Friday, February 5, 2010

Hope that doesn't make sense

I probably speak for all of you when I say that my heart is broken over what has happened and is happening in Haiti. I believe firmly in a God who loves and protects his people, who is merciful and also just, and who is so, so good. My brain can only comprehend the earthquake in Haiti as a horrible tragedy, but I know that if God is good, which he is, he can only work this situation for good.
Since the quake, I have struggled with how to even pray for Haiti. It's a whole country, with people who are being profoundly impacted by what has happened. And yet, I have no way to begin to understand what they are going through. I went to bed last night, far too late, simply because I felt like surfing the internet for a while. And when I feel asleep, I was not wondering if my roof might collapse on me during the night. I did not hear gun shots outside my window and wonder how far off they were. I did not even think that there may be a chance that I may not ever get to see any of my friends or family again. I take my security for granted, to be sure. Am I willing to give it up? At this point, I can honestly say that yes, I will give up my safe home and my comfortable bed to serve the Lord, though I admit that I am in no way prepared for that and have no way to know what it will really be like. I get a pit in my stomach just thinking about it.
If you're like me, and have no idea how to pray for people in a circumstance that is so far from your daily experience, I would encourage you to head on over to Brian and Sarah's blog. I know not all the readers here know Brian and Sarah Bennetch very well. But they have been in Haiti for just over a week, and are posting almost daily. It has given me some perspective, although still limited, and has made my prayers more purposeful. For me, the bottom line is that we have brothers and sisters in Haiti and even though we've never met them, they need our prayers, insufficient as they may be.
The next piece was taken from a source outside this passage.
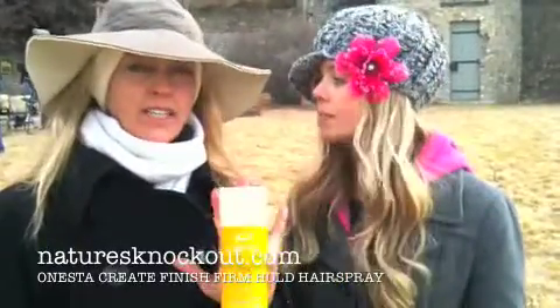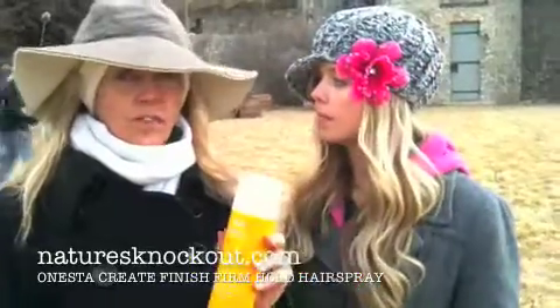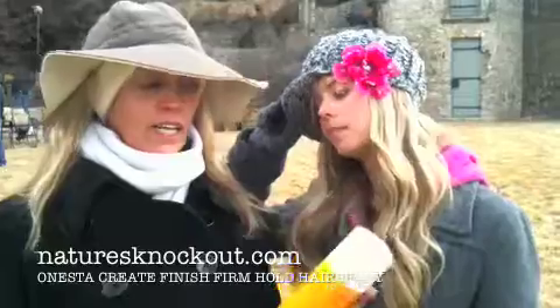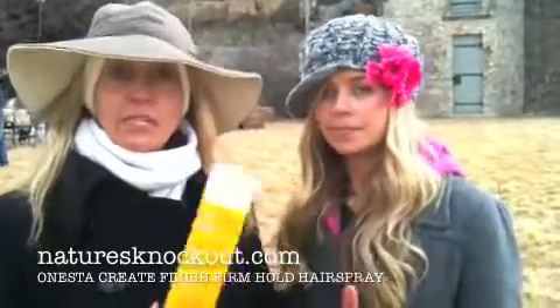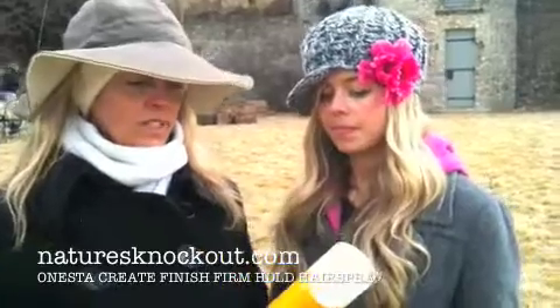We really like it. I actually think, for what we've used it for, it's not so much a firm hold — more of a medium hold, but for that it's great. We use it a lot for shaping and molding, more than we do for the actual finished extreme holds.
"I consider that our present sufferings are not worth comparing with the glory that will be revealed in us. The creation waits in eager expectation for the sons of God to be revealed. For the creation was subjected to frustration, not by its own choice, but by the will of the one who subjected it, in hope that the creation itself will be liberated from its bondage to decay and brought into the glorious freedom of the children of God.

We know that the whole creation has been groaning as in the pains of childbirth right up to the present time. Not only so, but we ourselves, who have the firstfruits of the Spirit, groan inwardly as we wait eagerly for our adoption as sons, the redemption of our bodies. For in this hope we were saved. But hope that is seen is no hope at all. Who hopes for what he already has? But if we hope for what we do not yet have, we wait for it patiently.

In the same way, the Spirit helps us in our weakness. We do not know what we ought to pray for, but the Spirit himself intercedes for us with groans that words cannot express. And he who searches our hearts knows the mind of the Spirit, because the Spirit intercedes for the saints in accordance with God's will."